▸ PROBLEM: Copy the data verbatim and leave out every picture.

▸ DATASET EXCERPT:
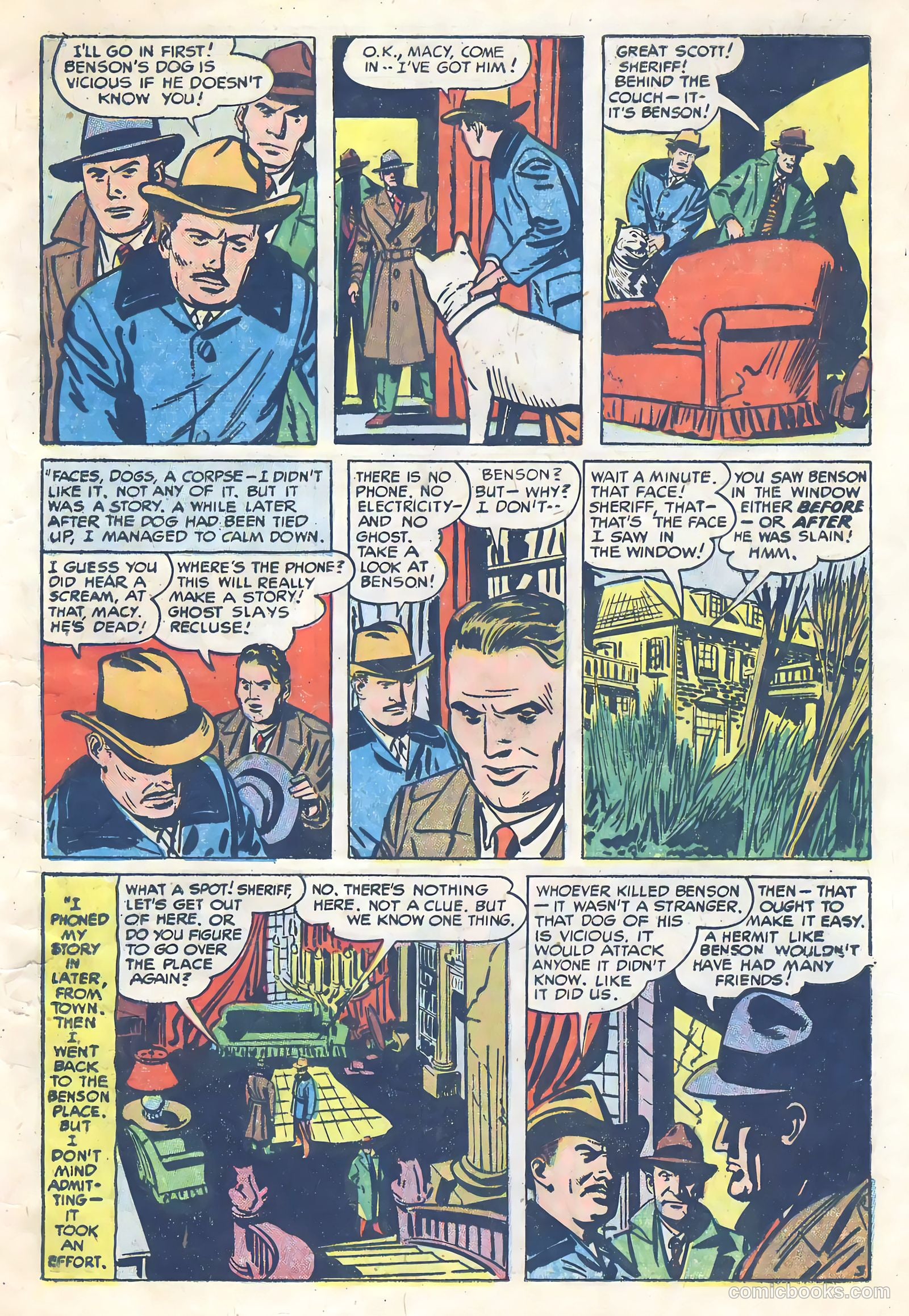 Justice Traps the Guilty #80 (1948) — page 5 of 36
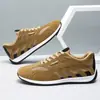 Zapatos de Hombre Transfronterizos, Nuevos Modelos de Verano, Zapatos Casuales de Malla Transpirable, Zapatos Deportivos Casuales Ligeros de Talla Grande a la Moda y Versátiles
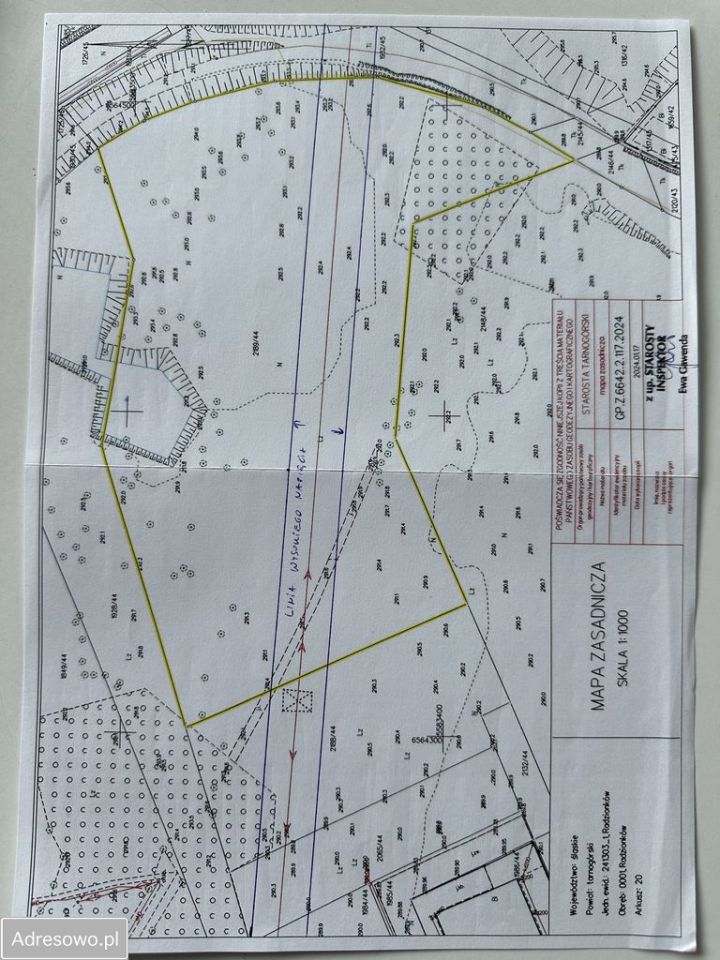 Działka inwestycyjna Radzionków, ul. Zofii Nałkowskiej. Zdjęcie 2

▸ SOLUTION TO THE EXERCISE:
 Justice Traps the Guilty #80 (1948) — page 5 of 36
 Zapatos de Hombre Transfronterizos, Nuevos Modelos de Verano, Zapatos Casuales de Malla Transpirable, Zapatos Deportivos Casuales Ligeros de Talla Grande a la Moda y Versátiles
 Działka inwestycyjna Radzionków, ul. Zofii Nałkowskiej. Zdjęcie 2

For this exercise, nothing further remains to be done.